Overall, Gorgui had a really solid season. I continue to believe that his ideal role would be a high-minutes (25 per game) backup center who can fill in as needed at the 4, but for the Wolves as presently constructed he is unquestionably one of the team’s five best players, and one of the team’s two best big men. Mitchell was right to have Gorgui starting next to KAT under the circumstances. He has a reliable mid-range jumper and teased a new corner three in the last couple months of the season. (He practices that as part of his pregame routine, so this is more of a project than a fluke.) Gorgui plays at full intensity, which can only be a problem on the tail end of back-to-backs; sometimes Mitchell would play him 40+ minutes on the front end, and Gorgui clearly had no gas in the tank the next night.

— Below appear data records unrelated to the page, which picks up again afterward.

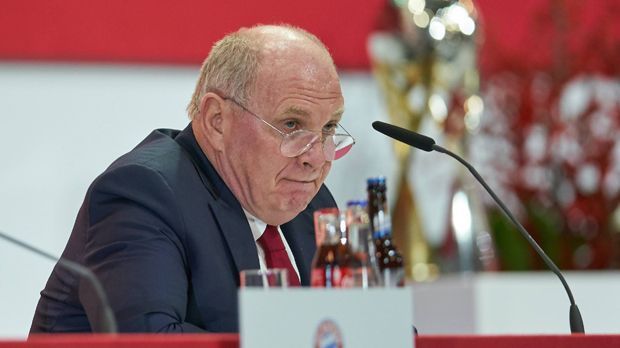 
                <strong>Schnäppchen</strong><br>
                Uli Hoeneß wird es ohne Frage freuen: Das Festgeld-Konto des FC Bayern wird nicht belastet, zumindest nicht wegen der Ablöse. In Zeiten, wo für durchschnittliche Abwehrleute 80 Millionen Euro und für Superstars kaum fassbare 220 Millionen gezahlt werden, ist Goretzka ein waschechtes Schnäppchen und eine Investition in die Zukunft. Denn der 22-Jährige kommt ablösefrei an die Isar.
              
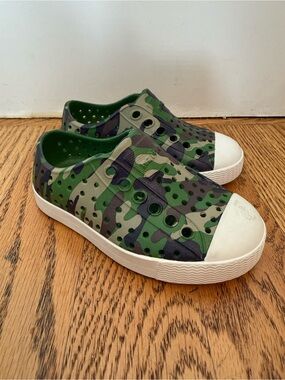 Native Jefferson Child Shoes Sandals Camo Green C5 NEW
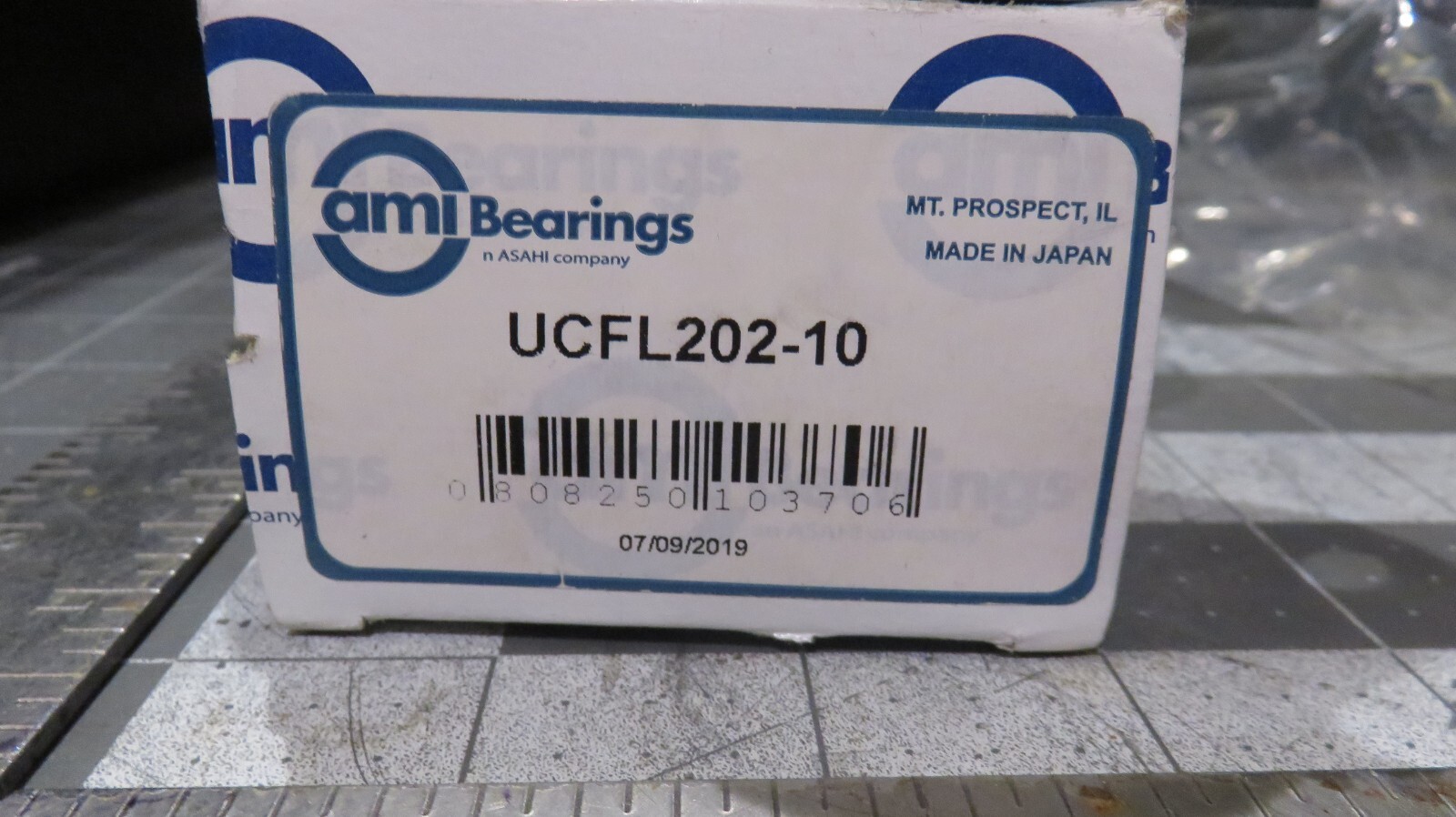 AMI UCFL202-10 2 Bolt Flange-Mount Ball Bearing Unit 5/8″ Bore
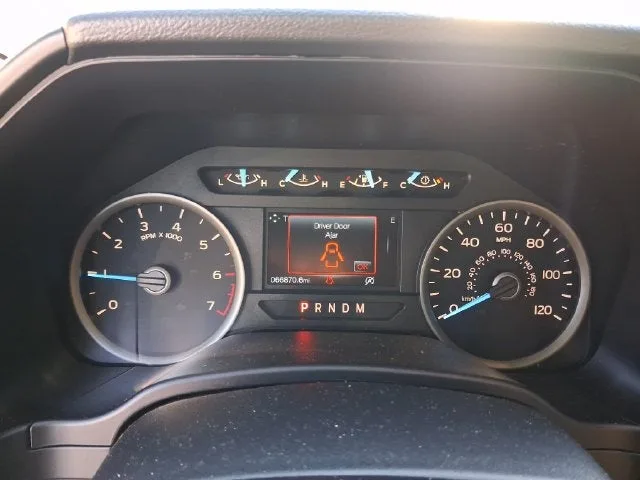2018 Ford F-150 XLT photo 14
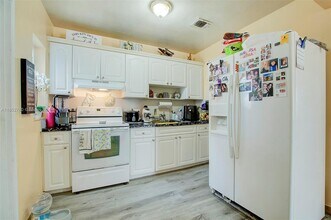 1721 SW 75th Avenue Rd in Miami, FL - Building Photo - Building Photo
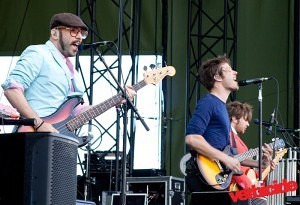 OK Go play the Xbox 360 mainstage at the 2010 Sasquatch festival.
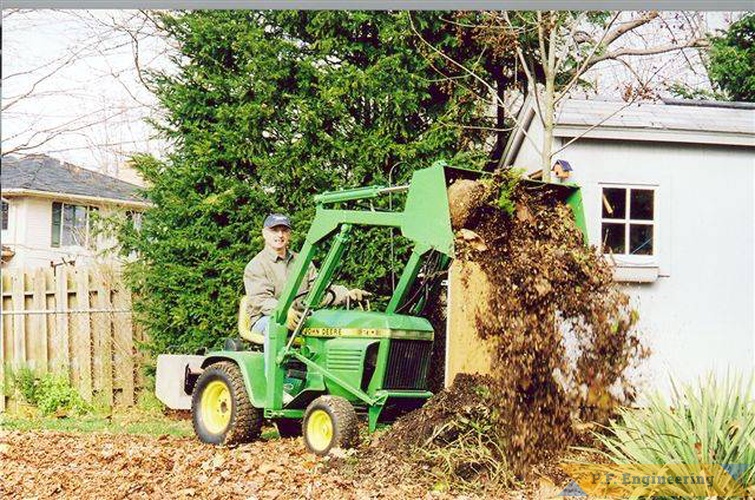 Gary S. from Kokomo, IN built this loader for his John Deere 210 garden tractor loader | John Deere 210 garden tractor loader_1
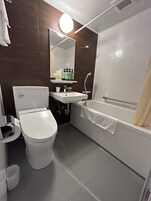 Habitación individual Premier, no fumadores (15 ft2 Bed width 1400mm) | Baño | Ducha y bañera combinadas y bañera profunda
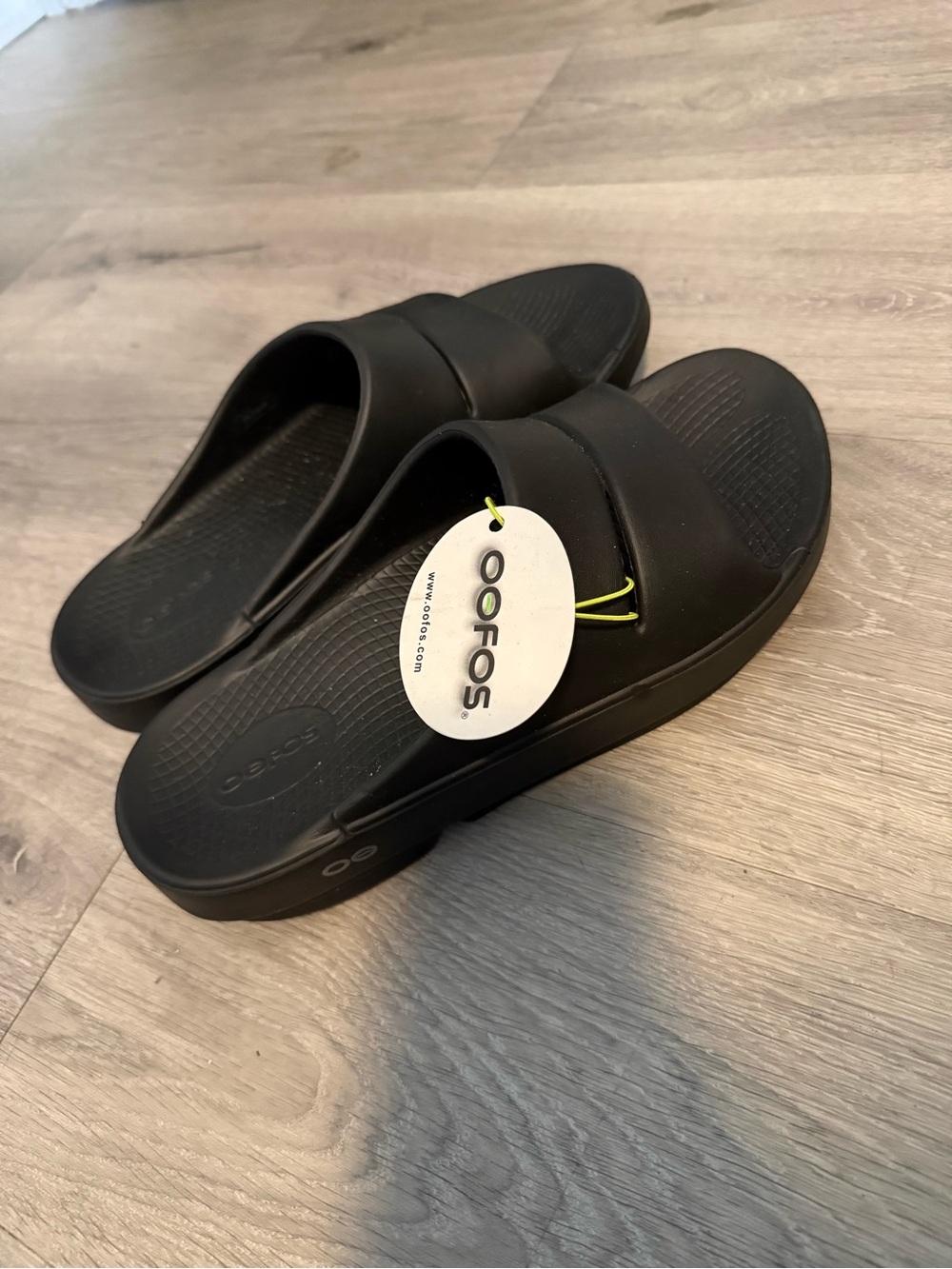 NWT OOFOS Black Recovery Slide Sandals Size 8 Mens 10 Womens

Before next season starts, the Wolves will have the opportunity to sign Gorgui to a contract extension. (If they don’t reach an extension, it doesn’t mean the Wolves lose him, but just that he will enter restricted free agency in 2017.) It’ll be interesting to see how that plays out, as his future market value is subject to some debate. He probably isn’t a starter if you’re trying to contend for a championship, but he is certainly a regular rotation player on any team, and front court depth always has value. I have no idea how that will play out.

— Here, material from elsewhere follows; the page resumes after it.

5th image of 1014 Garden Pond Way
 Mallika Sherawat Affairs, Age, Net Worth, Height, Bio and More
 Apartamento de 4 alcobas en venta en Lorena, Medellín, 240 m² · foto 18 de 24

Karl-Anthony Towns: A+ (Previous Grades: A+, A-, A+)
Season Grade: A+

In the final quarter of the season, Towns averaged 21.3 points on 55.1 percent shooting, 10.9 rebounds, 2.9 assists, and 1.5 blocks per game.

There isn’t much to say about KAT that has not already been said. He put together the best rookie season in Timberwolves history by a big margin. (An interesting debate among Wolves historians would be who is second? Top contenders would probably include Christian Laettner, Stephon Marbury, Kevin Love, and Andrew Wiggins?) There’s an outside chance that Towns will make Third Team All-NBA, which is a rare honor for any rookie. If Bill Simmons still wrote his famous “trade value” column, KAT would possibly rank first in the entire league. People are having the argument of “KAT or Anthony Davis, if you’re starting a franchise today?”

Flip hit a homerun with KAT. He might have hit another with Wiggins or even LaVine, but it isn’t clear yet; it is hardly ever this clear when you’re talking about a player just a few years removed from high school. Towns’s unfulfilled potential probably includes more prolific three-point shooting, and building more muscle to allow him to be a full-fledged “stretch 5,” who miraculously provides all of perimeter shooting, slashing off the dribble, posting up, defending the interior, defending the perimeter, and creating plays for his teammates. Oh, and being an exemplar teammate and almost unrealistically coachable.

Did I leave anything out?


Point is, Towns is the reason that people like Tom Thibodeau and Jeff Van Gundy want to coach this team. He’s destined for All-Star Games, All-NBA Teams, eventually the Hall of Fame, and, hopefully, a championship in Minnesota.